L'esclave haussa les épaules.
« Tu ne comprends pas, mais je vais te l'expliquer quand même, je crois que j'en ai besoin. Non, ne me regarde pas avec cette tronche de poisson tout juste ferré, ça me ferait presque pitié ! Dans ce tube, il y a un cheveu de Galina, la plus douce des secrétaires de laboratoire que le monde ait jamais porté. Je suis bien trop vieux pour elle. Le matin, elle me salue et me demande en français si j'ai passé une bonne nuit. Son accent est vraiment ignoble, mais elle est adorable... »
Maurice soupira et déposa le tube dans sa poche droite.
« Si tu savais, Lemnos. Mais tu es bien trop jeune. »
L'ancien esclave fit la moue.
« Ton teint blafard m'agace souverainement, le mioche. Continuons ! »
Maurice lui fit signe de le suivre à travers le labyrinthe et ils reprirent leur marche. Y a-t-il seulement une sortie ? Quelque chose au milieu du labyrinthe ? Peut-être allait-on leur redonner tous leurs souvenirs. C'était sans doute l'épreuve finale ! Retrouver la mémoire se mérite, visiblement. Il se baissa discrètement en marchant pour se masser les genoux, fatigué. Ses articulations craquaient de façon désagréable. Dire qu'il peinait à suivre un vieillard...
« Bon, on avance, Thésée, ou tu veux un Minotaure pour aller plus vite ? »
Lemnos serra les lèvres, ulcéré par la propension de Maurice à lui parler dans sa langue. Camille a appris le grec mais pas lui ... Quel mépris pour mon peuple. Ces hommes du futur sont prétentieux et froids. Il n'arrivait même pas à situer l'époque de Maurice. 1949 après J.C., vraiment ? Camille lui avait expliqué qui était Jésus Christ mais cela ne l'aidait pas à imaginer la vie de Maurice.

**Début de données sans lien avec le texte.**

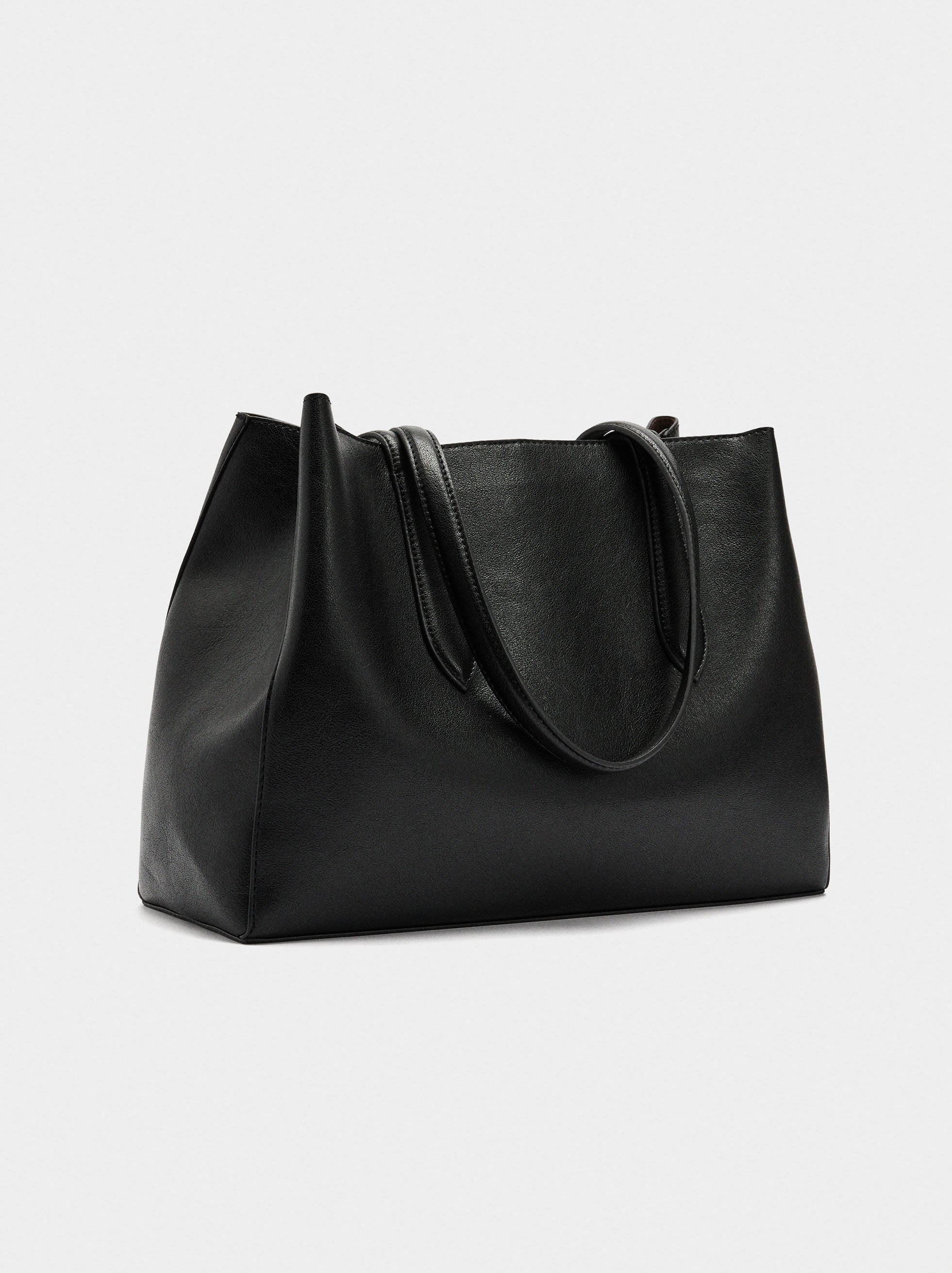 Bolso Shopper Liso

À quoi pouvait ressembler le monde en 1949 ? Je ne sais même pas à quoi ressemble l'autre bout d'Athènes...
« Si je rentre chez moi un jour, je découvrirai le monde, c'est promis ! s'exclama-t-il tout haut, exalté.
— Qu'est-ce qu'il raconte, le récureur de carrelage ? grommela Maurice en se tournant à demi.
— Hm ? »
L'esclave secoua la tête, résigné. Il avait décidé d'ignorer l'inventeur tant qu'il ne ferait pas un petit effort pour le comprendre. Je suis sûr qu'il est assez cultivé pour avoir appris le grec. Après tout, il est scientifique... Il joue à l'idiot avec moi ! Mais le moment venu, il sortira une invention qui nous sauvera et nous pourrons rentrer chez nous. Persuadé de ses dires, Lemnos poursuivit sa route avec un peu plus d'entrain. Maurice le regardait comme s'il avait perdu la raison.